The Problem: Many data sources contain free-text fields that can contain miss-spellings or alternate names for the same entity, making them unsuitable for many analytical purposes. These challenges are most often associated with 3 different types of information; personal identities (first, middle, and last name), business names, and address information. For example for geographic information such as cities, there could be many permutations of the same city name (Aukland, Akland, Auklan, 123 Aukland, Aukland City, etc.).
Matching Algorithms: There are 2 ways to create matching algorithms, using a deterministic match or hashing codes, where similar strings get the same or similar match codes, or via a probabilistic model. Probabilistic matching algorithms are extremely challenging as matching operations scale at O(N2), where N is the number of unique values. A comparison of 1,000 unique names with each other, using a simple probabilistic model requires 1,000,000 operations.
This scaling challenge is why most legacy data quality vendor solutions use proprietary deterministic algorithms. Deterministic approaches can miss obvious matches because of the limitations of the approach. They also throw away valuable information. For example, deterministic algorithms can easily miss that “Otronto” is a miss-typing of “Toronto”, even though “Otronto” is contained in only 1 record in a large dataset containing thousands of “Toronto”s.
Entity Resolution And Surviving Record Analysis: Once matching entities are identified, a process to select which of the different names within a cluster should be selected for all the matching records. In most data quality solutions, this step is often a unscientific manual and tedious process.
The MatchBox Difference
- State-of-the-art optimizations eliminate unnecessary string comparisons. MatchBox optimizations focus the matching search space to only somewhat similar strings, enabling the use of highly sophisticated predictive AI models to perform string comparisons.
- Seamless Apache Spark Integration. MatchBox is the first commercial data quality solution to leverage Spark, the fastest, most scalable analytics technology available. With Spark at the core, users get seamless integration with their Big Data workflows. MatchBox functionality is exposed through a workbench interface, and through PySpark functions.

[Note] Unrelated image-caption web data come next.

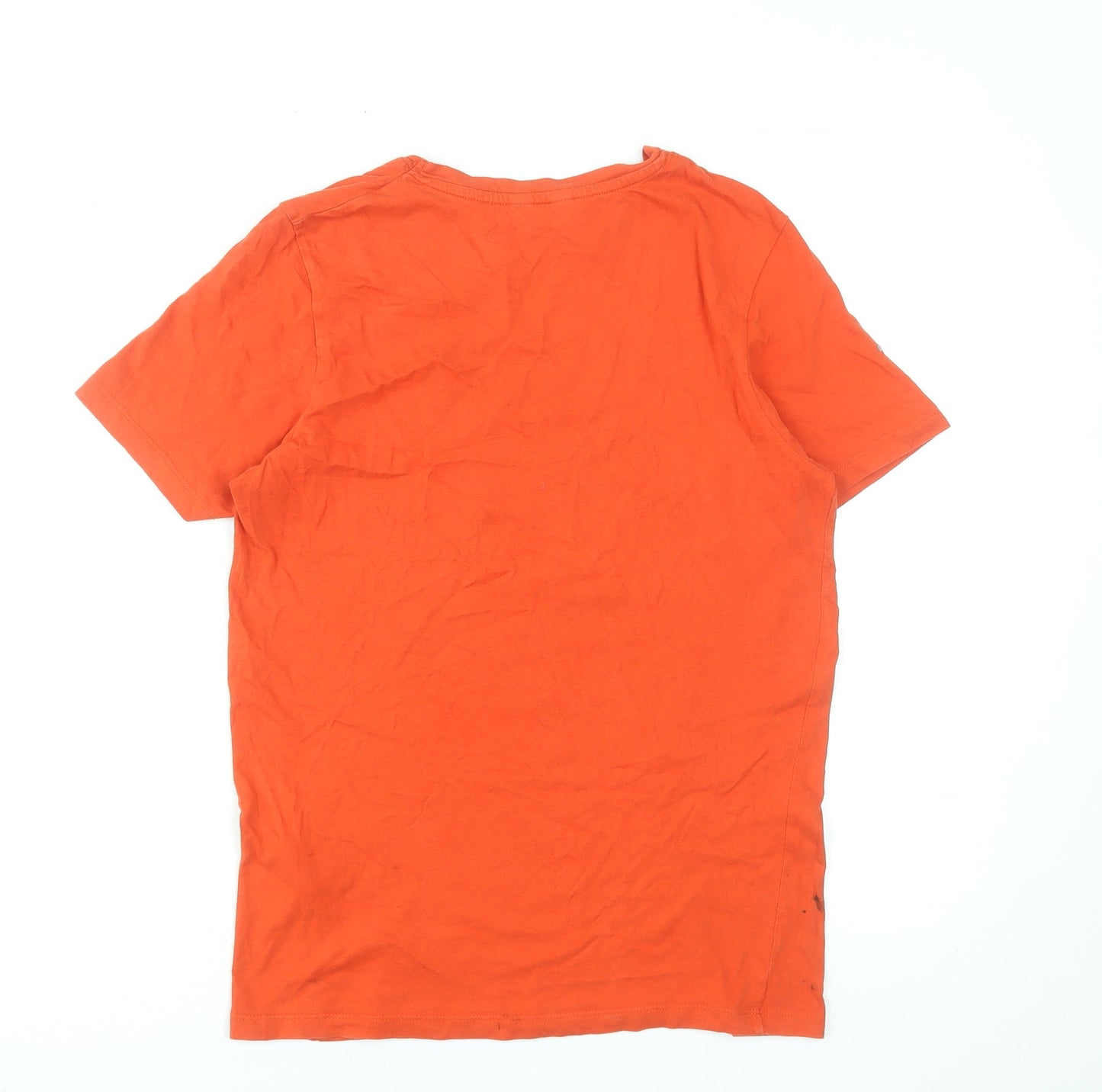 Jack & Jones Men's Orange Graphic Crew Neck Cotton T-Shirt Size S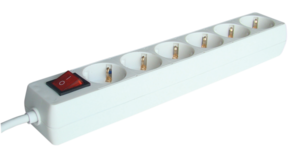 Elosztó 6-os 5m kapcs250V, 3680W, max.16A, 3x1,5mm2, H05VV-Ffehér, normál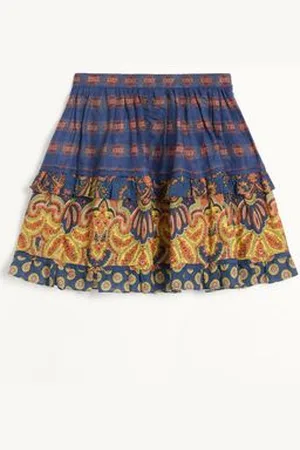 VALENTINO FALDA DE LINO PAISLEY MEDAGLIONI VOYAGE IMAGINAIRE Mujer 36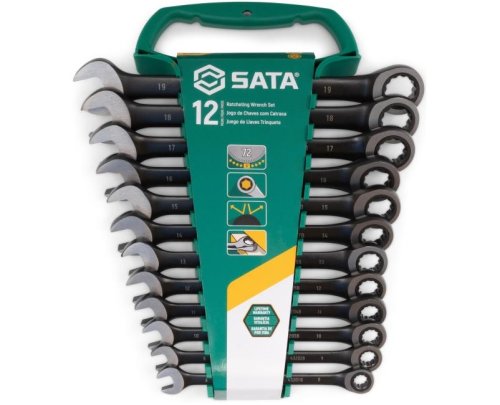 Serie di 12 chiavi combinate piatte a cricchietto SATA ST08032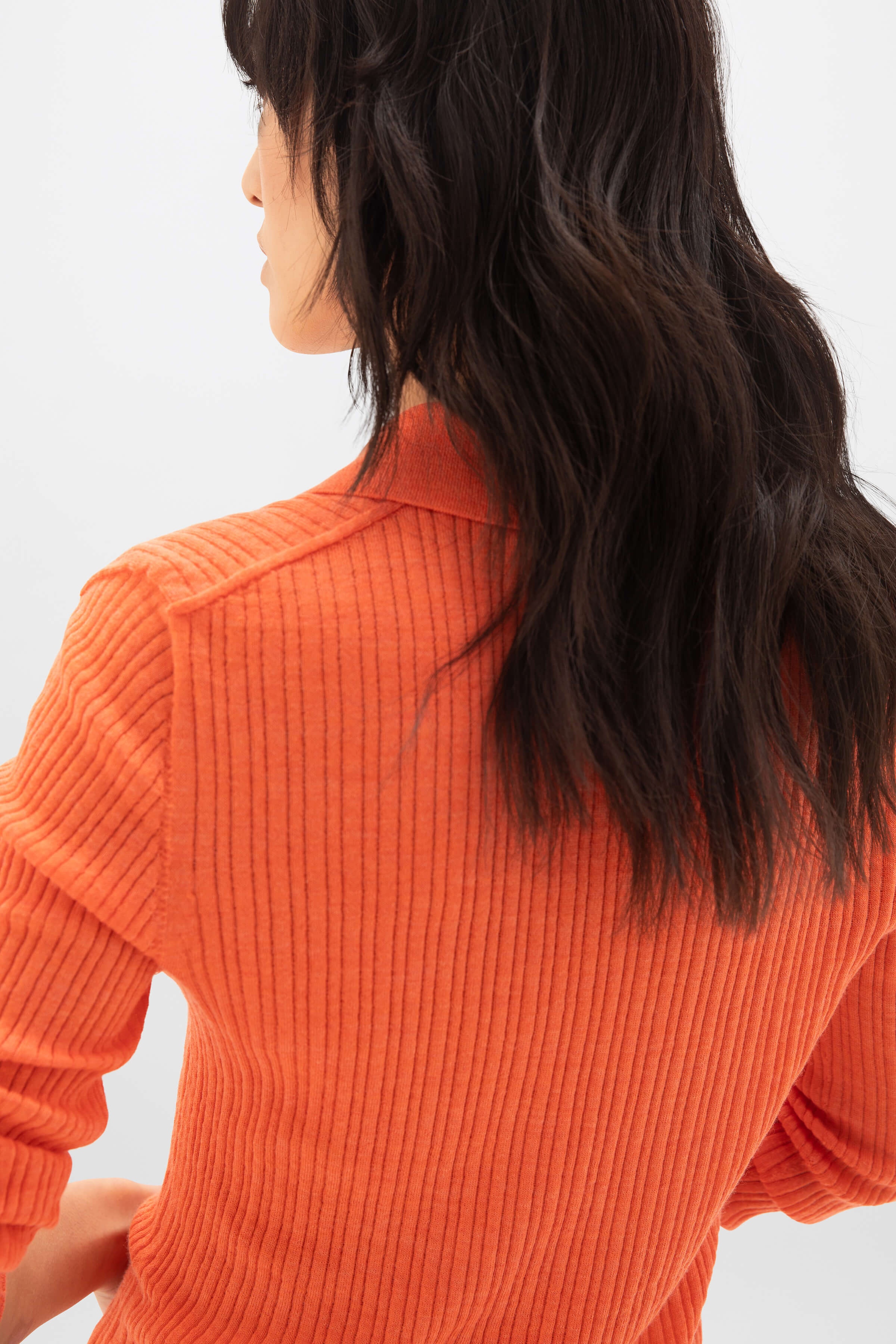 Superfine Merino Ladder Rib Orange Polo Shirt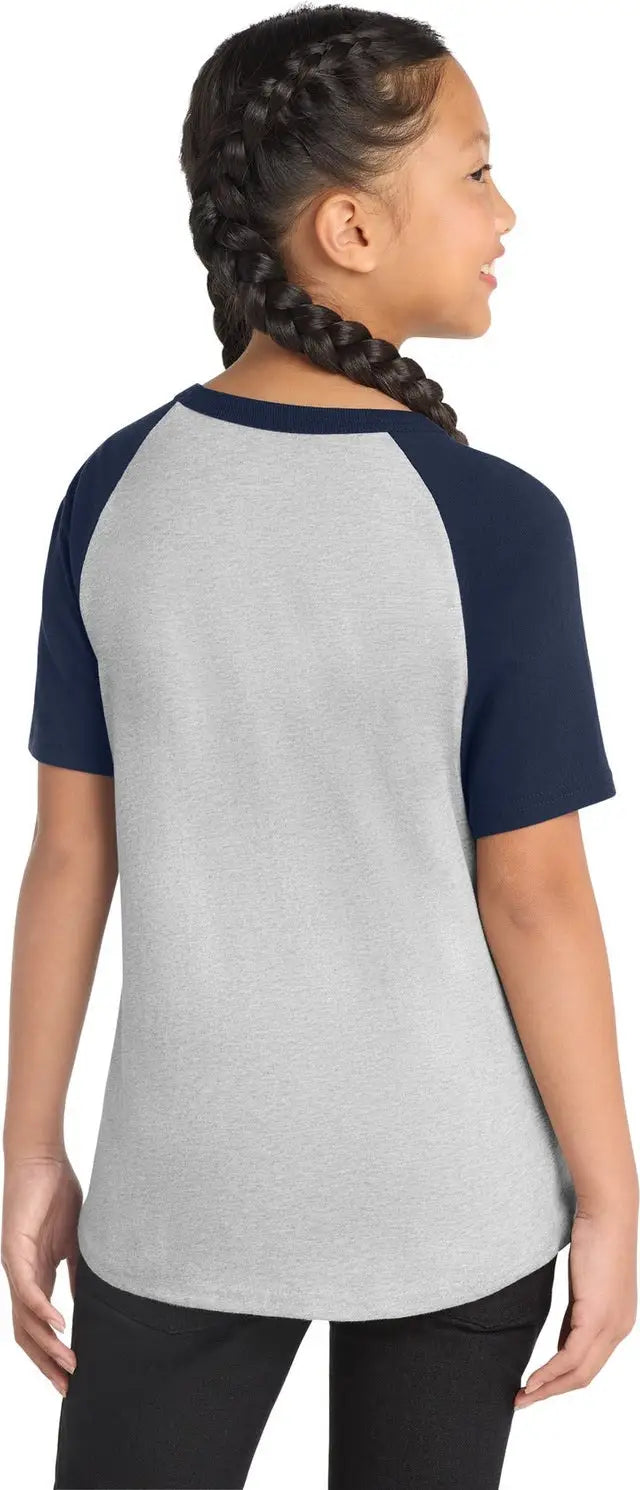 Sport-tek Yt201 Youth Short Sleeve Colorblock Raglan Jersey - Heather Gray Navy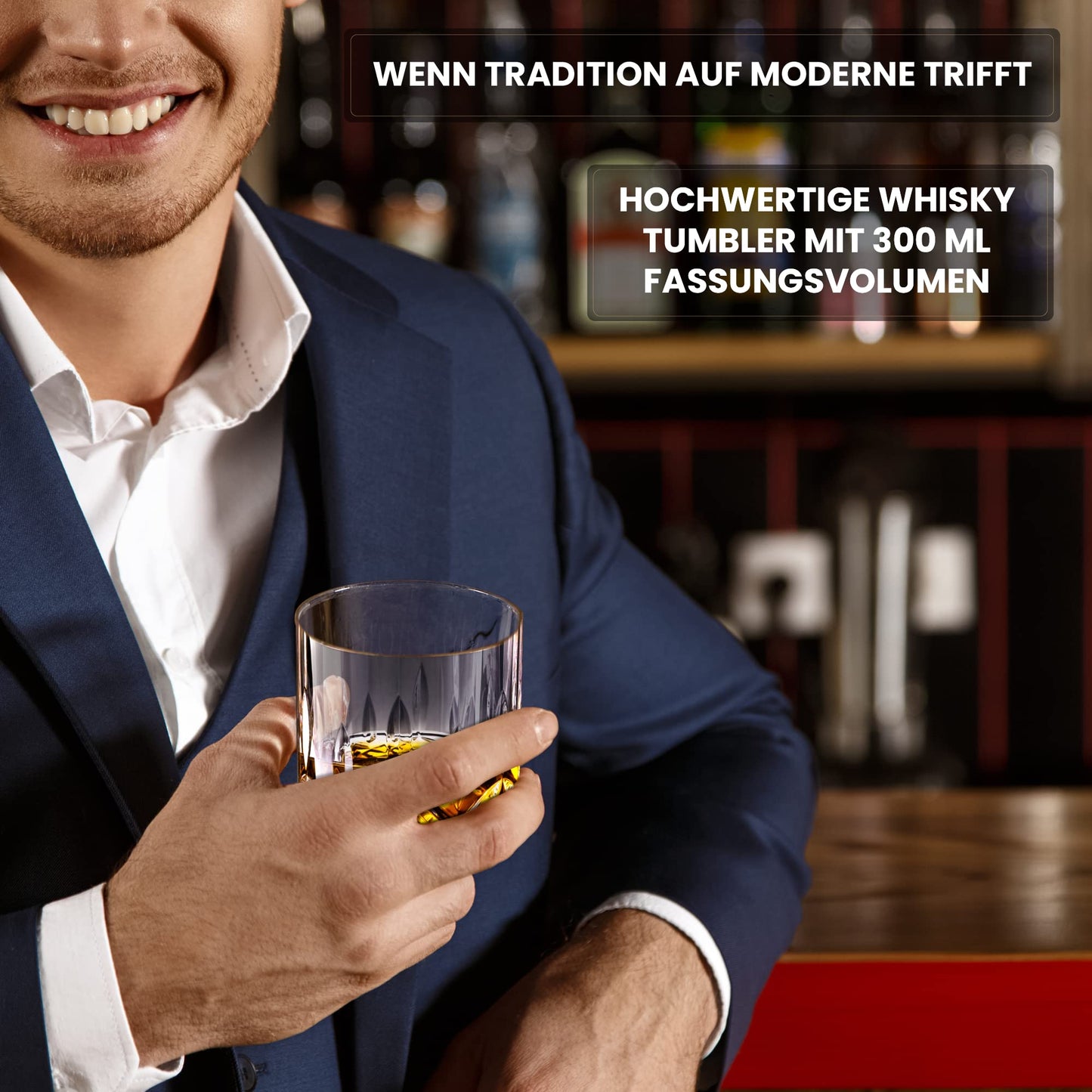 Twhisky Premium Whisky Glasses Gift Set - 2 Whiskey Tumblers 300 ml, 8 Reusable Whisky Stones made of Basalt, 2 Slate Coasters, Tongs & high-quality Gift Box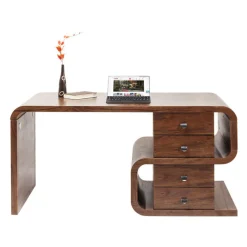 Walnoot design bureau met lades - Kare Design Snake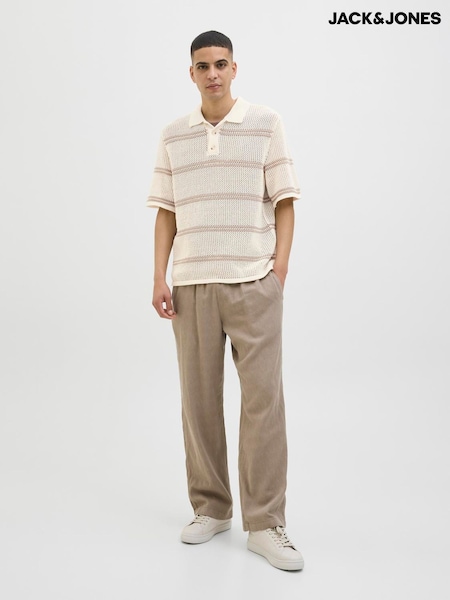 JACK & JONES Cream Knitted Stripe Polo Shirt (H46177) | £35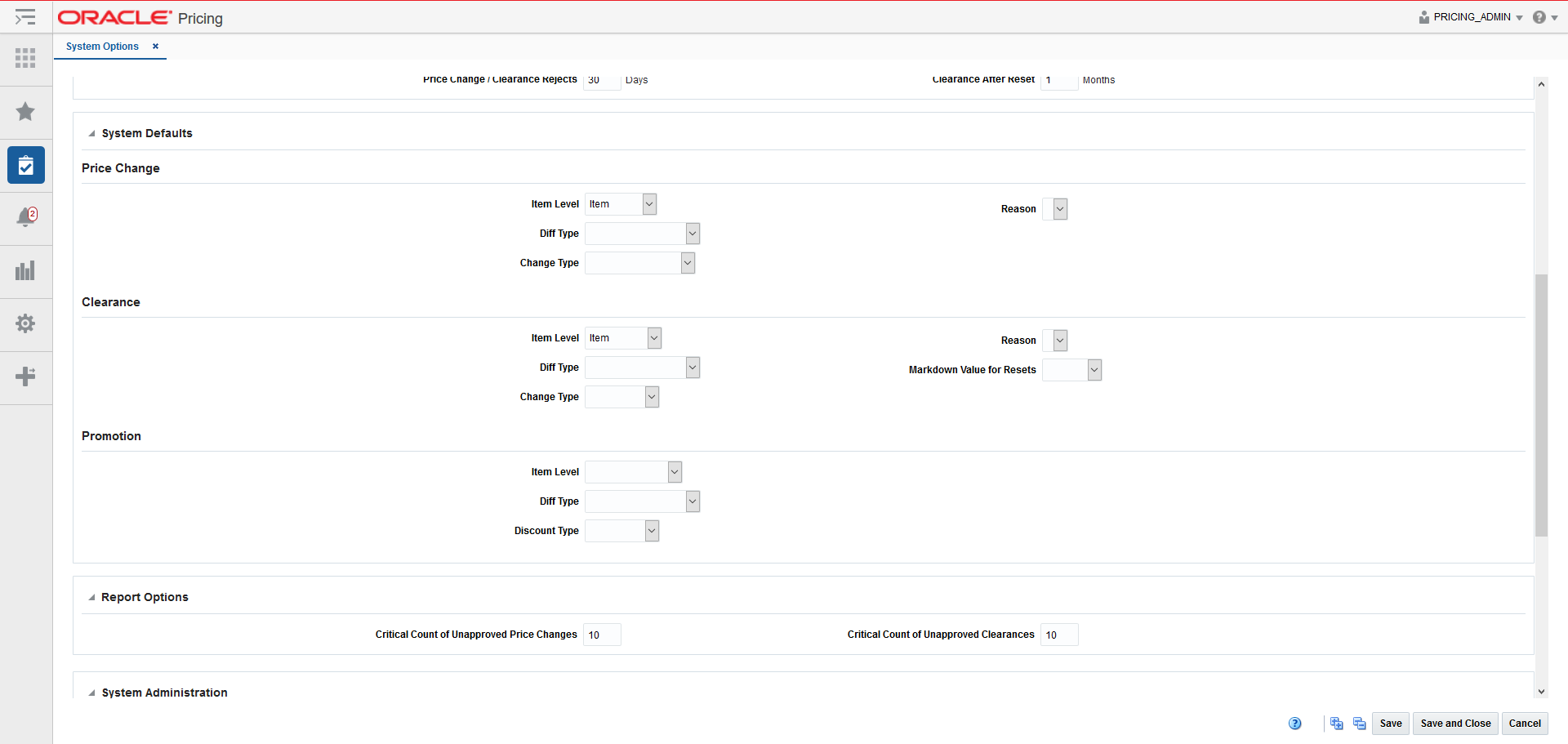 system options tab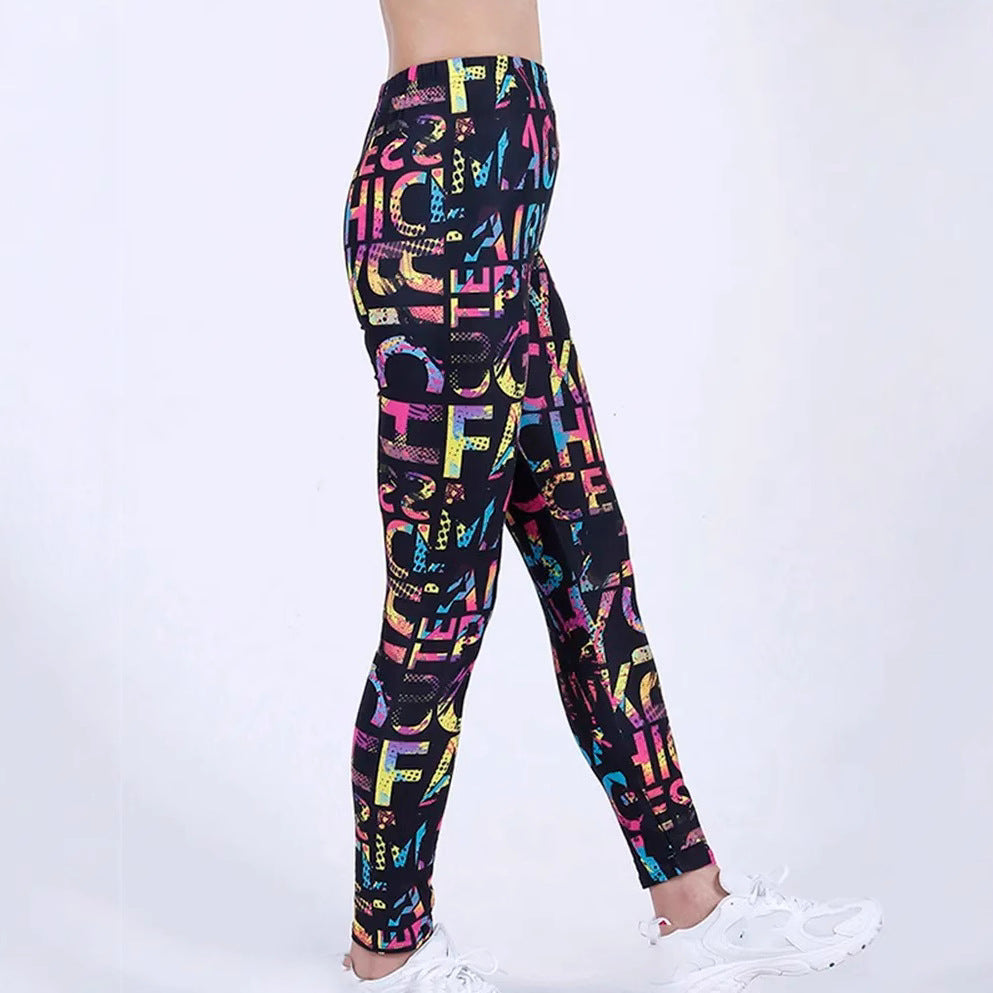 Pantalon de yoga élastique motif lettres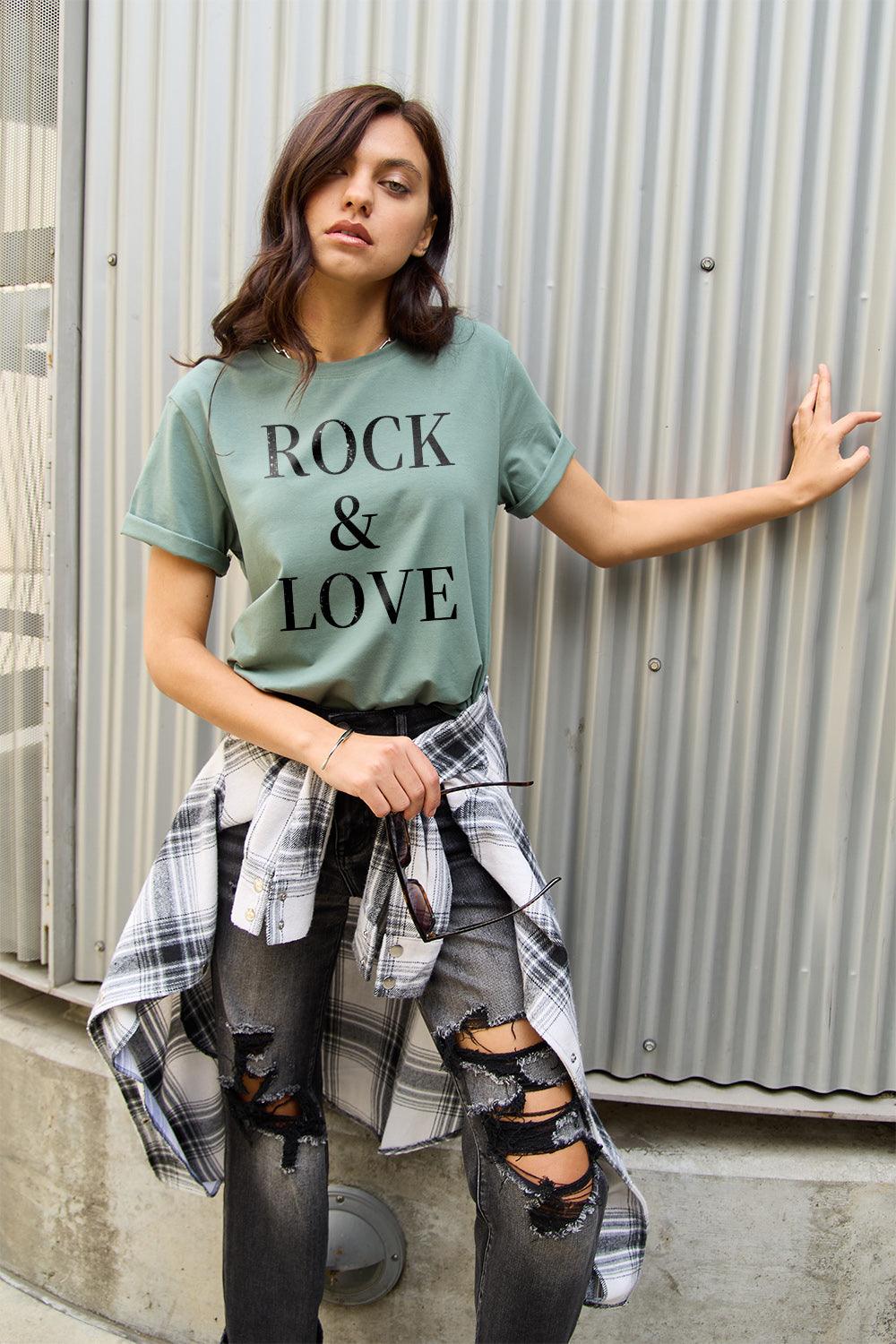 Simply Love Full Size ROCK ＆ LOVE Short Sleeve T-Shirt Carauana Store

- Automated Entity Resolution. Most data quality solutions provide users with a list of close matches, but lack automated entity resolution or selection logic. MatchBox leverages the latest advancements in scalable graph capabilities, joining all matches and their connections within a cluster. An algorithm automatically assign entities to the most frequently used name, a name identified in a 3rd party master list, or by using the features of the graph itself.